(Dataset entries)
____________
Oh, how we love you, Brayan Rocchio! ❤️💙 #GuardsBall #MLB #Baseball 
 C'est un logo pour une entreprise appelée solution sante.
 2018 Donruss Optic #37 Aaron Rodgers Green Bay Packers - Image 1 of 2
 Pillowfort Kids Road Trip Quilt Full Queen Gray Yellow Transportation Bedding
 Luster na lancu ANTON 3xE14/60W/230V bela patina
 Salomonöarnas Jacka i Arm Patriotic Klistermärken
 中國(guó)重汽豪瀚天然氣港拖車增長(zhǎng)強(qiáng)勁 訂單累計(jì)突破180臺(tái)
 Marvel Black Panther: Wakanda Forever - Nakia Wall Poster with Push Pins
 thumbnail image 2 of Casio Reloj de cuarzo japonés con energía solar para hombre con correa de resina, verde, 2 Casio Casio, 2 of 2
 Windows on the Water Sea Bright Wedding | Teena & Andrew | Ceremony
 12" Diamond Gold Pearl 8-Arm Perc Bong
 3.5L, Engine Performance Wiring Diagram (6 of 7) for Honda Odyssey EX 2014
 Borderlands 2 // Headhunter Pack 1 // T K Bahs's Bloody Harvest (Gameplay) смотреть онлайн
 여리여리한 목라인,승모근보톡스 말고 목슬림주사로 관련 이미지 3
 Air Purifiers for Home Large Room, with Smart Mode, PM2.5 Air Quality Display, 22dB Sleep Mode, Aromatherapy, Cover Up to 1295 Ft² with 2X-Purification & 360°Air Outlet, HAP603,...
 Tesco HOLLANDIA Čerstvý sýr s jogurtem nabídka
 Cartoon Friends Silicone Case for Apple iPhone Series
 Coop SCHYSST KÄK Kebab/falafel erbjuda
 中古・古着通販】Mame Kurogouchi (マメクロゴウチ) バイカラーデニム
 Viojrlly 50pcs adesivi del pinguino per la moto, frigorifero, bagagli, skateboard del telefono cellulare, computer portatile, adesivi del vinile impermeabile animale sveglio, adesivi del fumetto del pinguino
____________
[Problem requirements]:
Print the first line of the records above and each line after it, exactly, through the line with "Marvel Black Panther: Wakanda".

[Reply to the task]:
Oh, how we love you, Brayan Rocchio! ❤️💙 #GuardsBall #MLB #Baseball 
 C'est un logo pour une entreprise appelée solution sante.
 2018 Donruss Optic #37 Aaron Rodgers Green Bay Packers - Image 1 of 2
 Pillowfort Kids Road Trip Quilt Full Queen Gray Yellow Transportation Bedding
 Luster na lancu ANTON 3xE14/60W/230V bela patina
 Salomonöarnas Jacka i Arm Patriotic Klistermärken
 中國(guó)重汽豪瀚天然氣港拖車增長(zhǎng)強(qiáng)勁 訂單累計(jì)突破180臺(tái)
 Marvel Black Panther: Wakanda Forever - Nakia Wall Poster with Push Pins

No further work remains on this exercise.